• [TASK REQUIREMENTS] Write the listing out again, all of it, word for word.

• [DATA SEGMENT]

┄┄┄┄┄┄┄┄┄┄┄┄┄┄┄┄┄┄┄┄

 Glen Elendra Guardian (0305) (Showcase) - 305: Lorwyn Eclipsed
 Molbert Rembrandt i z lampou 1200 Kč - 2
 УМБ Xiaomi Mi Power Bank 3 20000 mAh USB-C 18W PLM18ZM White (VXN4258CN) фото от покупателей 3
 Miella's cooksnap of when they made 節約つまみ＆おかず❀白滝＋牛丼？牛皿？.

┄┄┄┄┄┄┄┄┄┄┄┄┄┄┄┄┄┄┄┄

• [OUTPUT BELOW]
 Glen Elendra Guardian (0305) (Showcase) - 305: Lorwyn Eclipsed
 Molbert Rembrandt i z lampou 1200 Kč - 2
 УМБ Xiaomi Mi Power Bank 3 20000 mAh USB-C 18W PLM18ZM White (VXN4258CN) фото от покупателей 3
 Miella's cooksnap of when they made 節約つまみ＆おかず❀白滝＋牛丼？牛皿？.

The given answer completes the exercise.